1. What are your three favourite Sondheim songs and why?
Unfair question! It’s been hard enough getting my concert down to 16 songs. I’ll answer this but I will be changing my mind by the time I get to the end of my reply.
I love “I Remember” from Evening Primrose because it's a sublime song, a mood song, a trance-like poem in a sense, about memory and what we choose to remember.
I adore “Not While I’m Around” from Sweeney Todd because there is pure love in it – it is perfect proof that Sondheim teaches us to protect the most helpless ones we find. I love the Act One finale to Sunday in the Park with George because it represents everything I believe in – radically unlike people coming together in harmony, people of all kinds in a beautiful ensemble. Ok, now can i start my answer again, with three more!?
2. What is your favourite Sondheim song to perform and why?
Dot in Sunday in The Park With George.
I loved portraying her because she has so many wonderful songs – and moments – about making choices. She struggles to talk herself into loving Louis (everyone else loves him!!), and she holds some good debates with George and inside herself. The role is full of learning to choose, and the cost of certain choices, and the fact that we have to keep making choices in life, in order to survive.

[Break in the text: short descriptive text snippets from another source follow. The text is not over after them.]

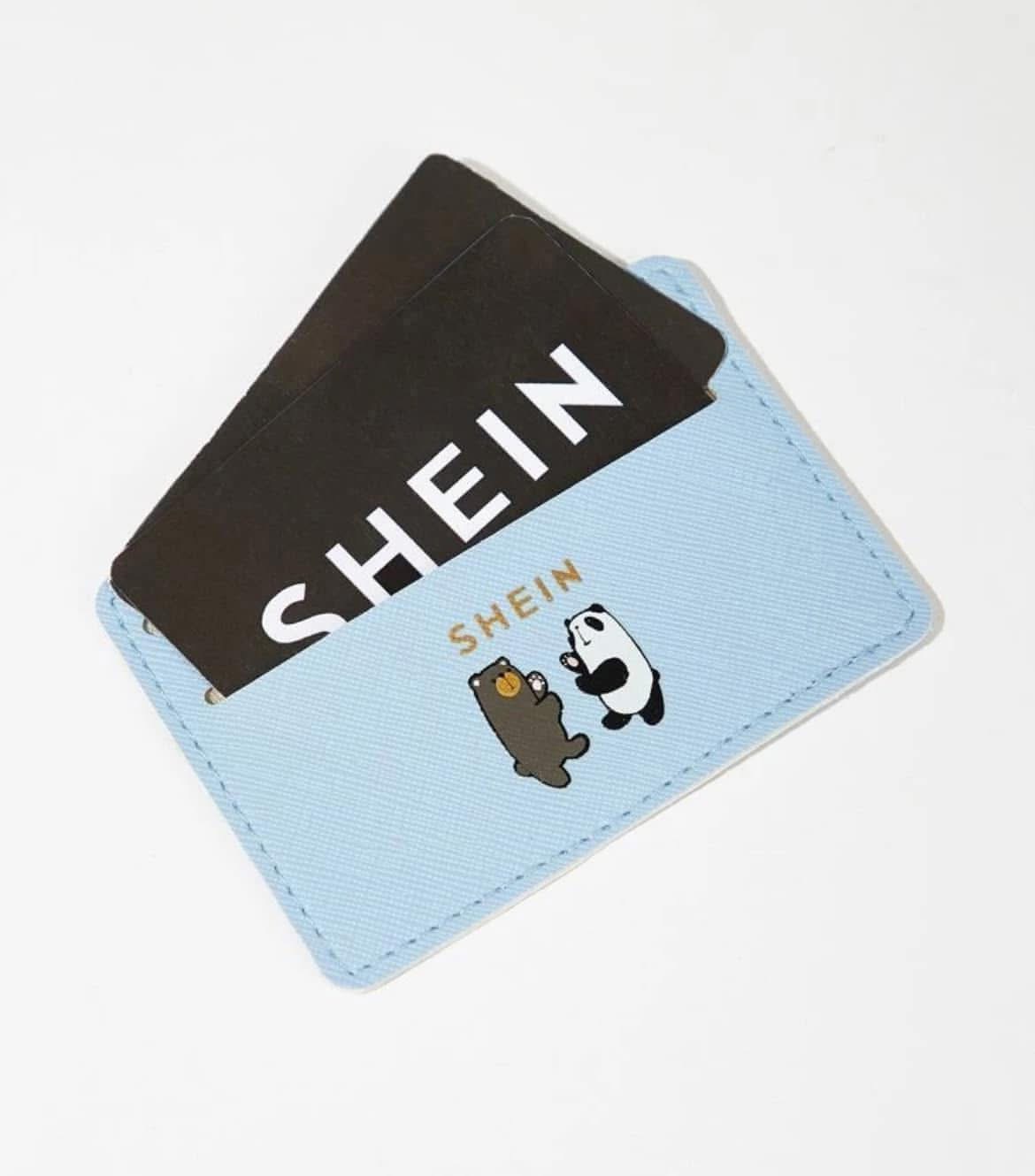 Shein Panda Print Card Case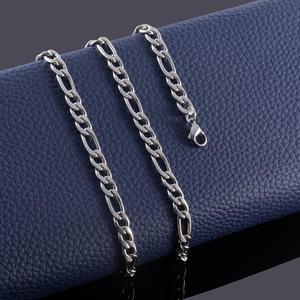 Cadena Figaro de Acero Inoxidable para Hombre y Mujer, Nueva Llegada - Product Image 3
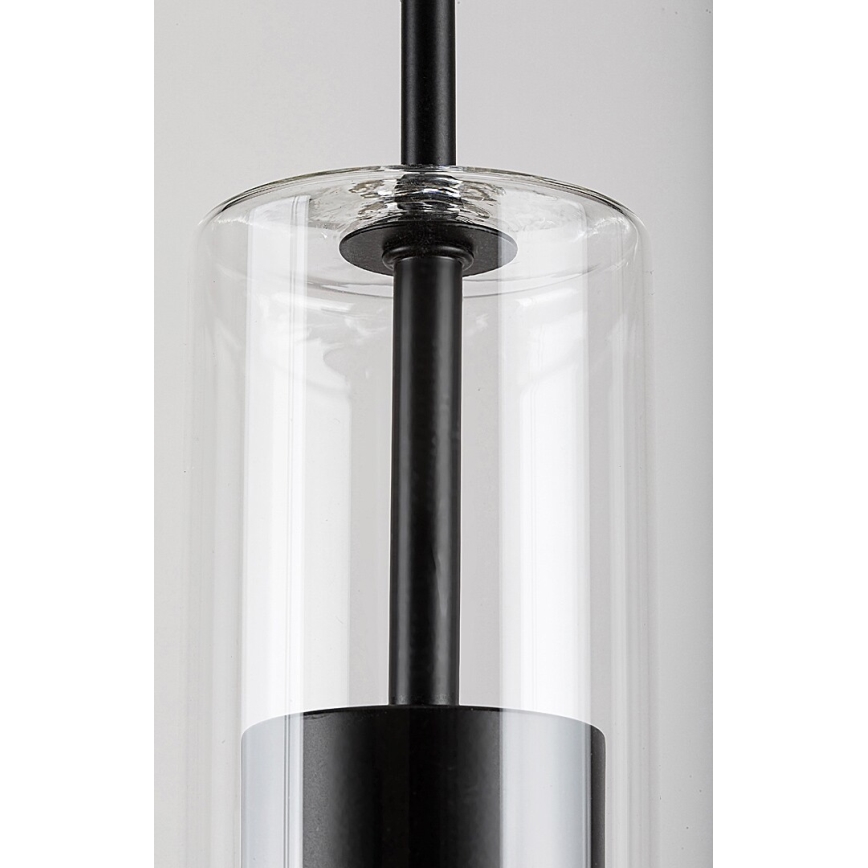 Rabalux - Żyrandol na lince 1xGU10/50W/230V przezroczysty/czarny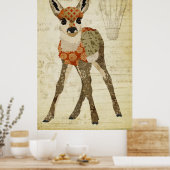 Poster de l'Art Floral Retro Amber (Cuisine)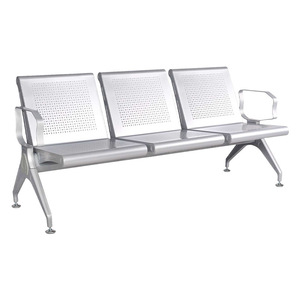 Sillas de Espera Yu Min, Asientos de Acero en Fila con Reposabrazos, para Uso en Hospitales al Aire Libre, Cojín de PU Rojo, Azul, Verde, Negro, AQ302 - Product Image 2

3. What Sondheim role would you most like to play and why?
I’m going to skip over the ones that could possibly happen in the short term. I would hate to jinx myself! Actresses all have dreams. Maybe it’s best to keep them to your prayers. In the event that anyone reads this and the proverbial lightbulb might go off, I am ready to sing “Send in The Clowns” eight shows a week. Down the road, I sure would like a shot at Mrs Lovett!! I must get to sing “A Little Priest!” Angela Lansbury is everything.
4. What Sondheim lyric do you carry with you in your life?
"Careful the tale you tell, that is the spell."
["Children Will Listen", Into The Woods]
5. What has Sondheim brought to your life and career, so far?
Sondheim himself? As a teacher, both directly and from studying him (listening to interviews and reading about him), he has brought me the ability to take criticism (to want it) and to trust myself, all at the same time. Strive and correct – but also take charge. The little I know of him outside of work, Sondheim seems to not like self-deprecation – I think he feels some of us waste a good deal of energy pulling ourselves down. Self-deprecation isn’t cute – it isn’t good for ourselves and it isn’t good for the human community.